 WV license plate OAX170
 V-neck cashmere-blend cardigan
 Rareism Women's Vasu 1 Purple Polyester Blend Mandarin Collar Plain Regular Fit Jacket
----
● INSTRUCTIONS FOR THE TASK: The line containing "V-neck cashmere-blend cardigan" marks the start. Reproduce it and all lines after it through the end of the listing, exactly and alone.

● RESPONSE BOX:
 V-neck cashmere-blend cardigan
 Rareism Women's Vasu 1 Purple Polyester Blend Mandarin Collar Plain Regular Fit Jacket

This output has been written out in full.